Some patients have no identifiable family, no advance directive, and no one who can serve as a surrogate. Medical professionals call these “unrepresented” or “unbefriended” patients, and their care presents real ethical challenges.

States handle this through a few different approaches. In some, physicians are empowered to make decisions directly, particularly for routine care. North Carolina, for instance, allows physicians to make end-of-life decisions for unrepresented patients without court approval, as long as reasonable efforts have been made to locate a surrogate. Other states require a tiered system where the gravity of the decision determines who gets involved. Low-risk treatment might proceed with physician judgment alone, while a medium-risk procedure could require a second physician’s input or an ethics committee review. The highest-stakes decisions, like withdrawing life-sustaining treatment, typically require ethics committee approval or a court-appointed guardian.

In all of these cases, the guiding principle is either “substituted judgment” (what would this person have wanted?) or “best interest” (what choice would most benefit this patient?).
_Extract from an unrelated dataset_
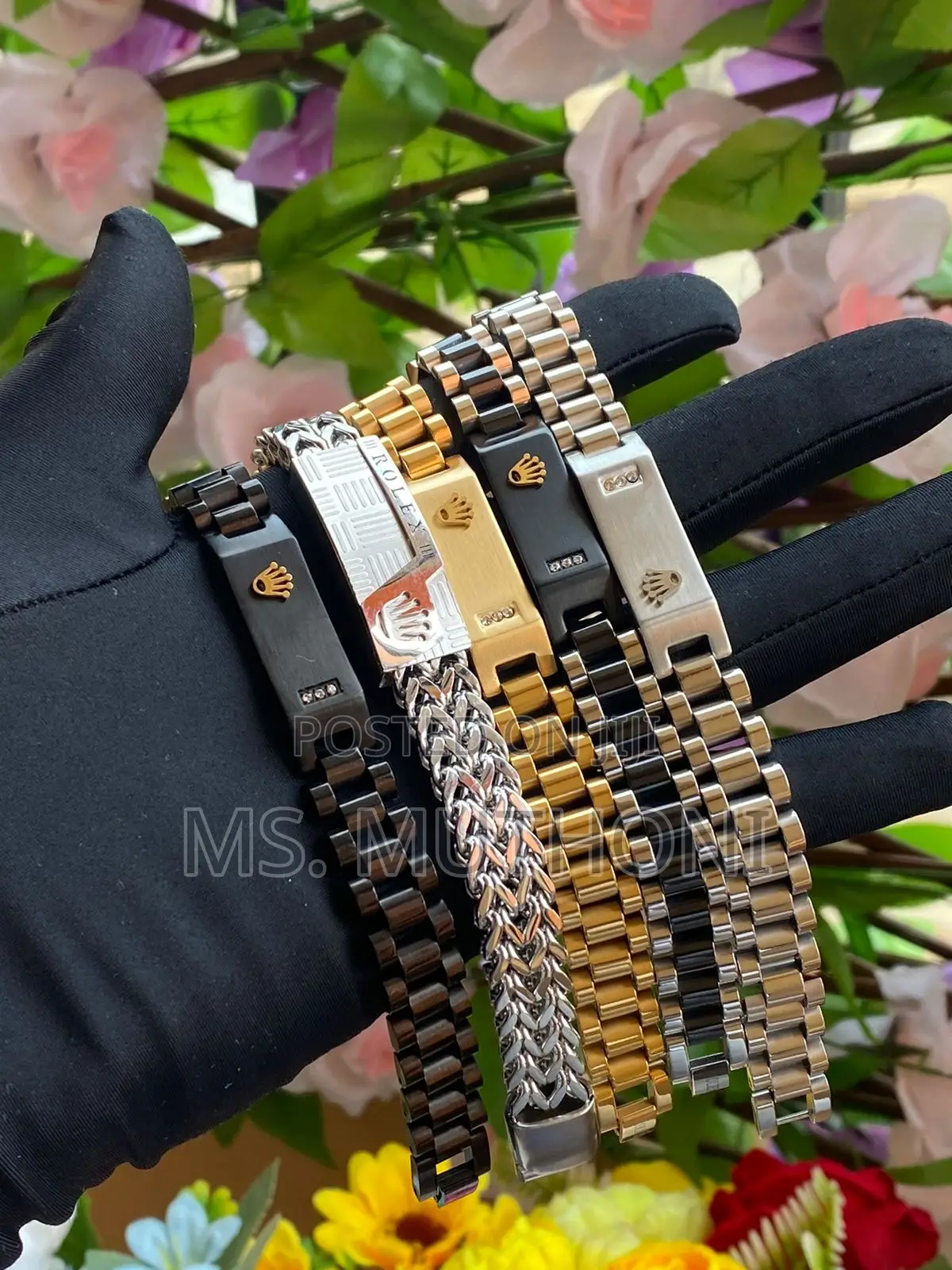Rolex BraceletsStainless Steel Rolex Logo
Substituted judgment is preferred when any evidence of the patient’s values exists, even from informal conversations with acquaintances or prior healthcare providers.

How to Choose Your Own Decision Maker

The simplest way to avoid any ambiguity is to complete a durable power of attorney for health care. This is a straightforward legal document available in every state, often for free through state government websites or organizations like the National Institute on Aging. You don’t need a lawyer to fill one out, though having one review it doesn’t hurt.
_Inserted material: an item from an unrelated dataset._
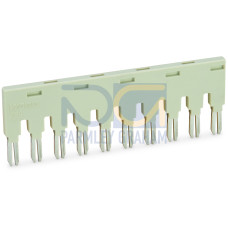 Jumper, for jumper slot, 10-way, light gray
Pick someone who knows your values, can handle stressful medical conversations, and is likely to be reachable in an emergency. Then tell them what matters to you: whether you’d want aggressive treatment in a terminal situation, how you feel about mechanical ventilation, what quality of life means to you. The document gives them authority, but the conversation gives them guidance. Keep copies with your primary care provider, your proxy, and somewhere accessible in your home. A document no one can find when it’s needed doesn’t protect you.